[MLton] Fixed points in SML

Wesley W. Terpstra wesley at terpstra.ca
Wed Aug 30 05:09:28 PDT 2006


On Aug 30, 2006, at 12:34 PM, Vesa Karvonen wrote:
> val Y =
>     fn f =>
>        let
>           val f' = ref (fn _ => raise Fail "Y")
>           val f'' = fn x => !f' x
>        in
>           f' := f f''
>         ; f''
>        end
Nice. I had completely forgotten about using side effects.

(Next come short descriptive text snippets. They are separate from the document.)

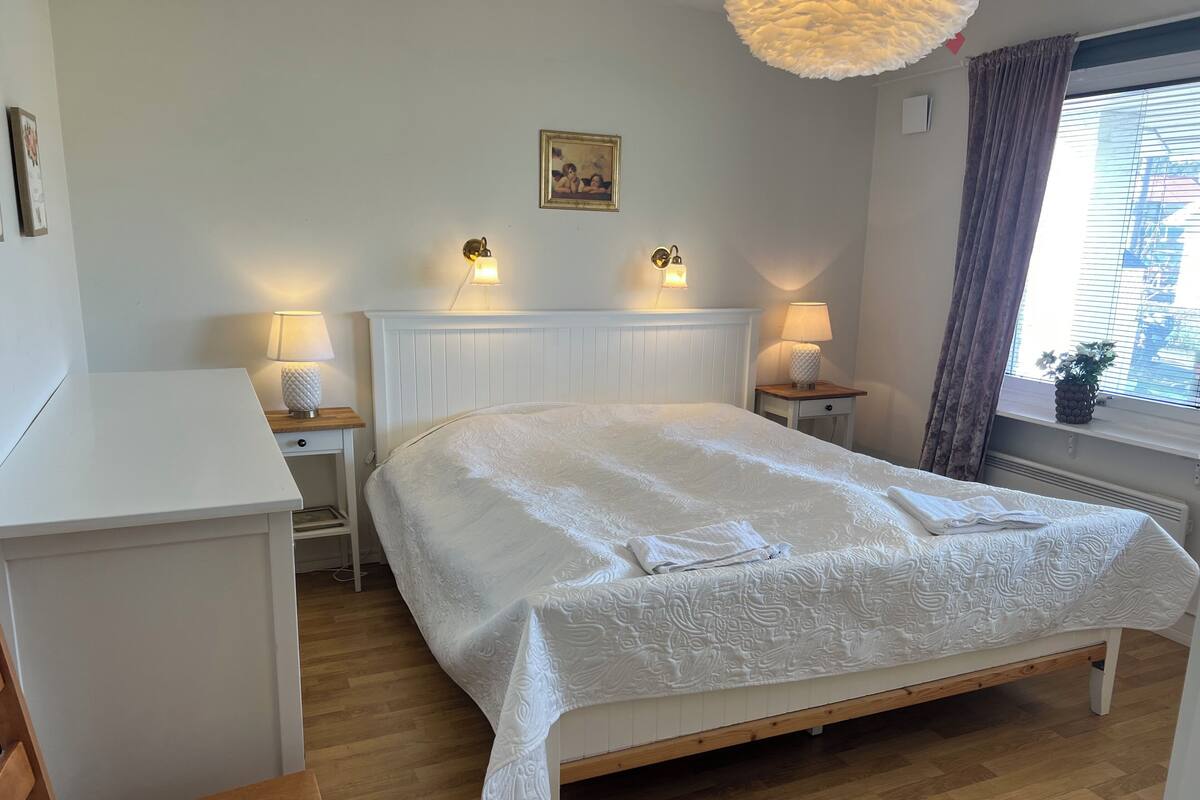 Un dormitorio ordenado con una cama, mesitas de noche y un ventanal con cortinas.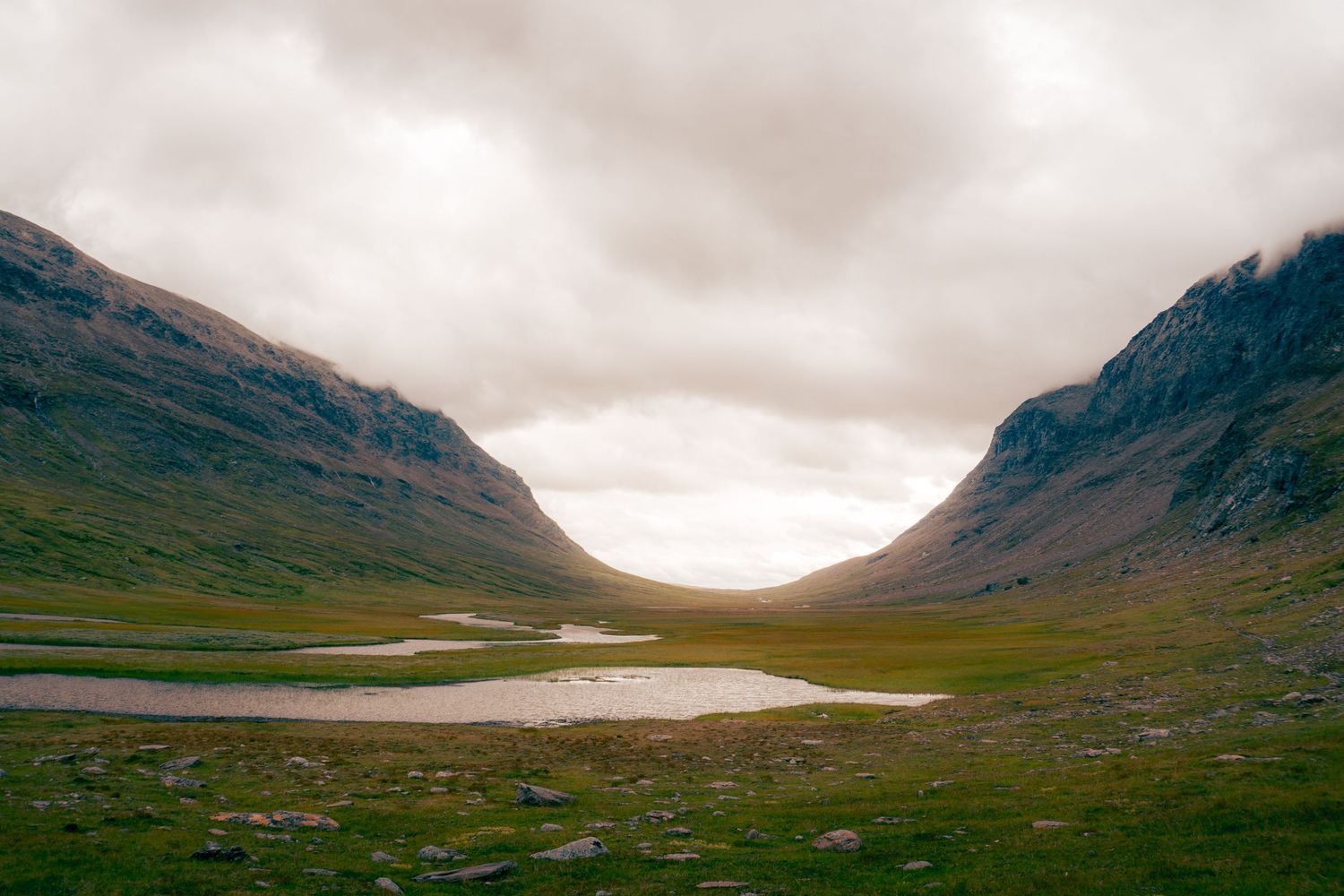 A serene glacial valley with small lakes nestled between two mountains under overcast skies.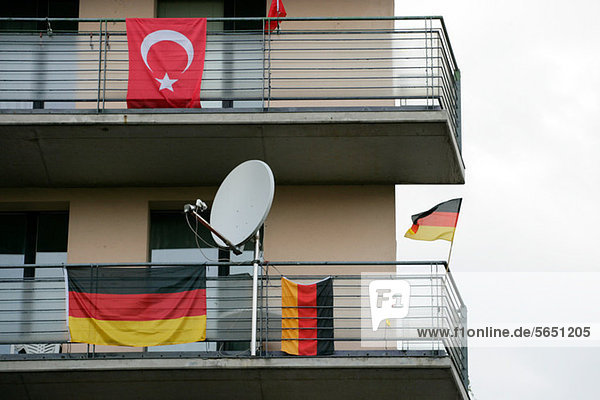 Turkish and German flags on balconies  Kreuzberg  Berlin  Germany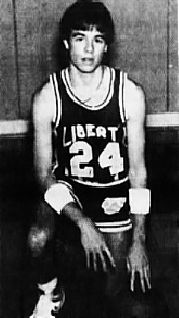 Image of Texas boys basketballer Phillip Lenox, Liberty Hill High School, on his left knee in uniform #24. From the Austin American-Statesman, Austin, Texas, JAnuary 8, 1967.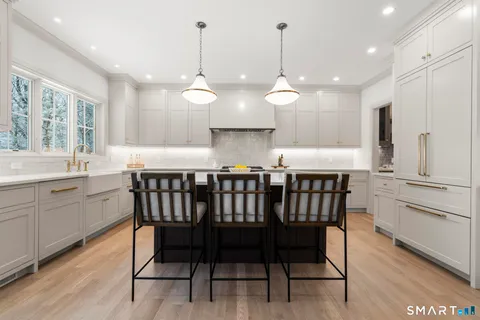 a large kitchen with a large counter top a sink a window and stainless steel appliances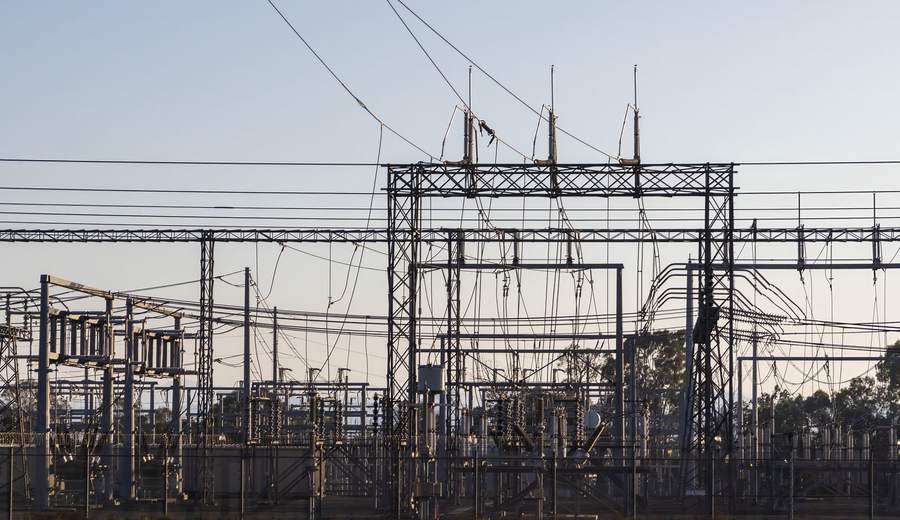 Poste électrique haute tension à l’aube, structures métalliques et lignes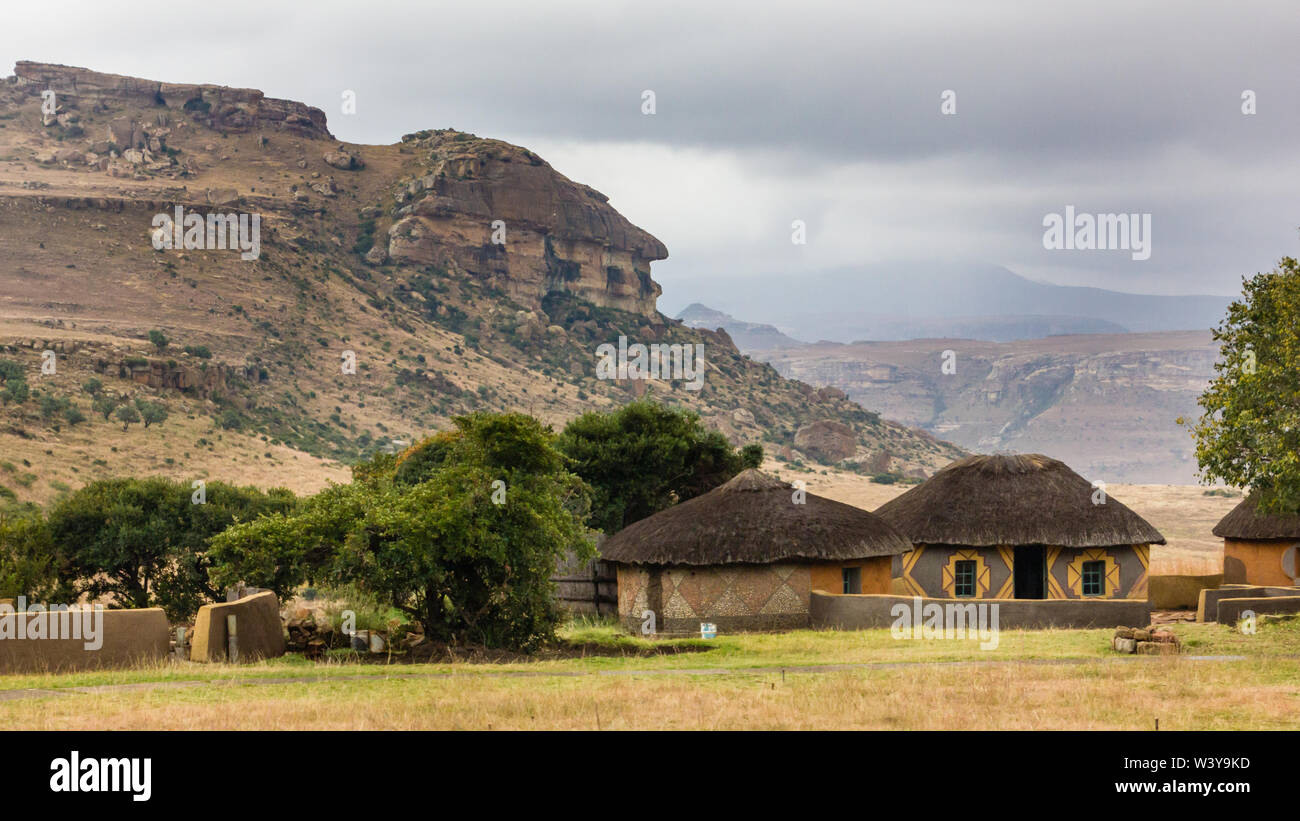 Village culturel Basotho chaume traditionnel ou circulaire ronde rondawel abris contre une montagne dans le parc national rural de l'État libre en Afrique du Sud Banque D'Images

>           exception E of exn -> 'a -> 'b
That, however, would be a datatype. :-)

>> let rec fix f x = f (fix f) x
> I assume Wesley wants to disallow the use of built-in recursion as  
> well.
I did, but skaller's implementation is definitely the prettiest. :-)

> A function of type
>    ('a -> 'a) -> 'a
> can not return normally in SML.  Intuitively the reason for this is
> that the function would need to create a value of any type and that
> is impossible

Makes sense to me. However, I think the problem has more to do with  
laziness. I bet if you did it in Haskell, it would work.
   val Y : ('a -> 'a) -> 'a = fn g => (fn x => x (T x)) (fn (T x) =>  
g (x (T x)))
The (x (T x)) need not be evaluated right away in Haskell, so only if  
the recursive call is needed would a lazy language need to evaluate  
the parameter.

I am no Haskell programmer, but
   val Y : ((unit -> 'a) -> 'a) -> 'a = fn g => (fn x => x (T x)) (fn  
(T x) => fn () => g (x (T x))) ()
seems to do much the same thing that a lazy language would.